そして騎士団員の中に紛れるように、制服を着た生徒たち見える。
国王は3年生だけと言っていたが、2年生や1年生もちらほらいるらしい。
人が足りなかったのか、はたまた家の意向で来たのかは不明だが、その判断が吉と出ればいいが…。
「アウル久しぶりね」
「うぉわ!?…ってミレコニアさん!どうしたんですか?先輩もこの戦いに?」
「まぁ、そんなところよ。それにしても・・・アウルったら酷い顔してるわよ。嫌な夢でも見たの?」
夢…?そう言えば夢を見たんだった。なにか重要な夢だったと思うんだけど、敵が動き始めたせいですっかり忘れてた。
どんな夢だったっけ…?
「確かに夢は見たけど忘れちゃいました。それにしても、俺に何か用でもありましたか?」
「ふふふっ、何か用がないと話しかけてはいけないの?」
「あっいや、そういうわけでは」
「そうよね。私とアウルの仲だもんね?」
そう言いながら俺の腕に抱きついて胸を押し当ててくるミレコニアさん。
きっとおそらくまた故意に当ててているのだろう。
「おっと、これ以上はそこの2人が黙ってなさそうだから止めとくわね。…いいアウル、絶対に自分を見失っては駄目よ。それじゃあね!」
またもや飛び跳ねるように去って行ってしまった。まったくもって嵐のような人だ。
にしても、「自分を見失うな」か。どういう意味だろう?
はっ?!殺気?!
後ろからの殺気に振返ると、そこにはムスッとしたミレイちゃんと、とてつもない笑顔なのに背後にオーガロードが見えるヨミがいた。

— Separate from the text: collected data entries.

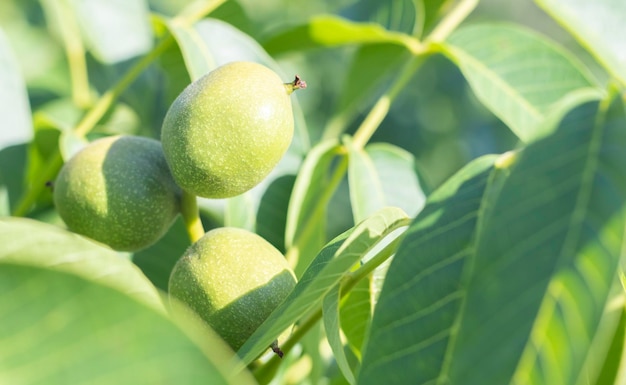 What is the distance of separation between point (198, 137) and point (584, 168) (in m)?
0.51

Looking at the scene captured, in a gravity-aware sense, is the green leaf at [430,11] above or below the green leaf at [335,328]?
above

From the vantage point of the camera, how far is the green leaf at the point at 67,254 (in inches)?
25.5

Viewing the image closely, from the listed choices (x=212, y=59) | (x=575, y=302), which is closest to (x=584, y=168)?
(x=575, y=302)

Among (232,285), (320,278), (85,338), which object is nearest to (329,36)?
Result: (232,285)

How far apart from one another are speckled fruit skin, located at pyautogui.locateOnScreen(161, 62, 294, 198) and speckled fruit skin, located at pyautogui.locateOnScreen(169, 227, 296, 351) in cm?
9

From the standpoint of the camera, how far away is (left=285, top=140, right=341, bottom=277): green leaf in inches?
52.2

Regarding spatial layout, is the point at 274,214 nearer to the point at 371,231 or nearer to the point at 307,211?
the point at 307,211

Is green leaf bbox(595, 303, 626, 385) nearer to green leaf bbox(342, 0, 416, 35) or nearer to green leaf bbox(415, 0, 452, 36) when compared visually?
green leaf bbox(342, 0, 416, 35)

・・・このあとミレコニアさんについて尋問されたのは言うまでもないだろう。
こんな時だってのにブレないね君たち・・・。
しかしこの争いを止めてくれたのは、意外にもグラさんだった。
「まぁまぁ、その辺でやめておいてやれ。己の男がモテるというのは名誉なことだぞ?それだけ優れた雄を射止めたのだと誇ればいいではないか」
「それに…」とつづけたが、「なんでもない」と言い終えてしまった。
しかし、グラさんの言い分は2人に届いたようで、満更でもない感じで納得してくれた。
この2人は案外チョロいな。
「…のうアウルよ、こやつら意外とチョロいの」
グラさんも同意見だったようだな。だが、チョロいというのは時として厄介にもなりえるから要注意だな。
その後、騎士団の指示に従いながらも邪神教の動きに意識を向けていると、確実に王都に向かってきていた。ここまで来れば十中八九学院に来るのは間違いないだろう。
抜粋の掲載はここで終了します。